Image and Interpretation: Encoding and Decoding a Narrative Textile Installation

 

ABSTRACT

My research places textiles within a communication paradigm, considering cloth as a narrative form and examining the relationship between authorial intention and viewer interpretation. The personal and cultural experiences that inform the making and reading of textiles are considered through my practice, and the influence of content, cloth, and context on viewers’ interpretations of textiles in public spaces is examined. The visual content of my current work reflects on aspects of society, family, and cultural myth, particularly how the histories of past lives are represented and interpreted. The Ties That Bind II (2008) textile triptych is based on the experiences of a Quaker conscientious objector in the First World War and the consequences of his beliefs for himself and his family. The narrative sequence aims to visually communicate the family at the start of the war, the objector's imprisonment, and the postwar hostility towards conscientious objectors’ families. The visual content of the work was constructed within a semiotic framework in order to test the reading of individual signifiers and visual syntagms within the textiles.
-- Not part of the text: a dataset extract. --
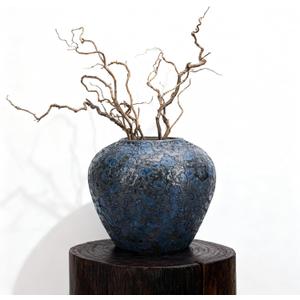 Rustic Blue Ceramic Vase, 7.9" Vintage Terracotta Pottery Vase for Living Room, Table Centerpieces, Wide Mouth Blue Vases for Home Decor, Farmhouse Kitchen Decor, Decorative Navy Vase for Flowers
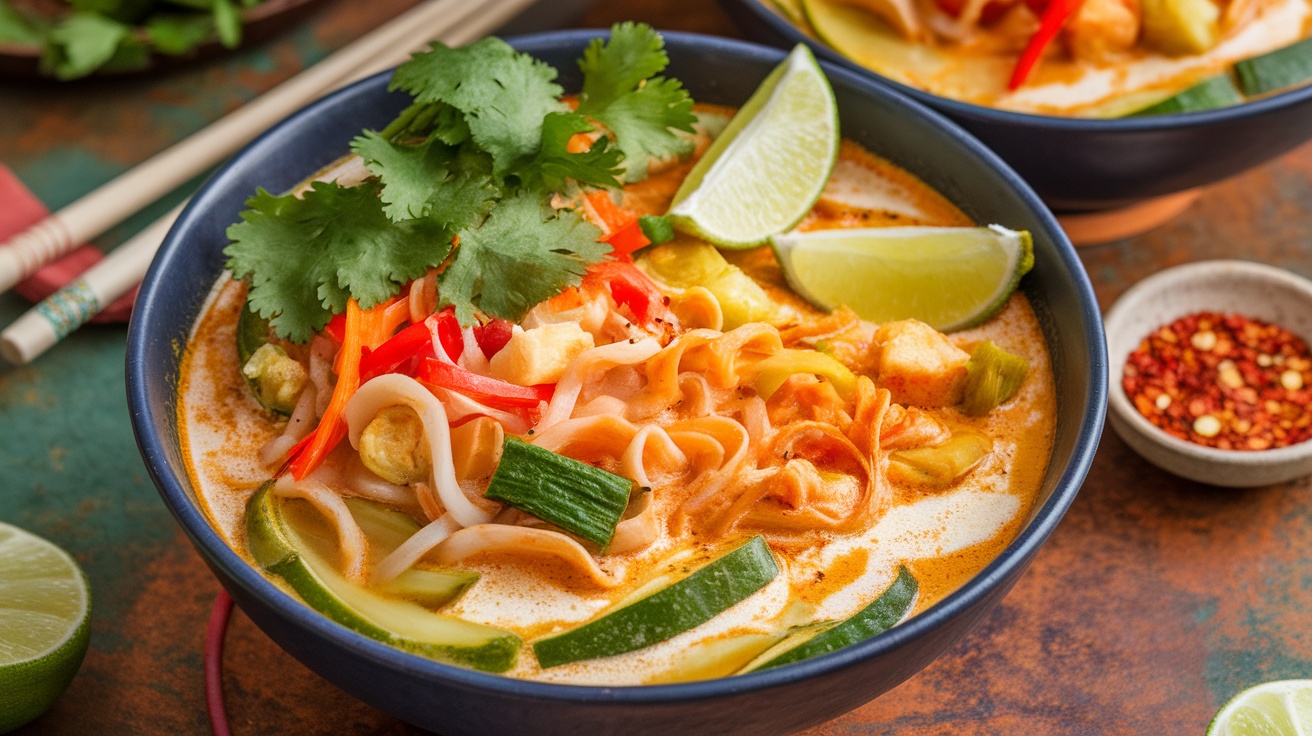 Hearty Vegan Curry Noodle Soup A hearty bowl of vegan curry noodle soup with colorful noodles, vegetables, and coconut broth, garnished with cilantro and lime.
The textile triptych was exhibited without a content description at the Bankfield Museum and Art Gallery in West Yorkshire and Manchester Museum of Science and Industry in order to examine viewers’ interpretations of the narrative. This paper discusses the construction of the work and viewer responses to it at each site, exploring the meanings attributed to the individual images and narrative textile sequence, but also the personal and cultural influences that informed viewers’ interpretations of the textiles.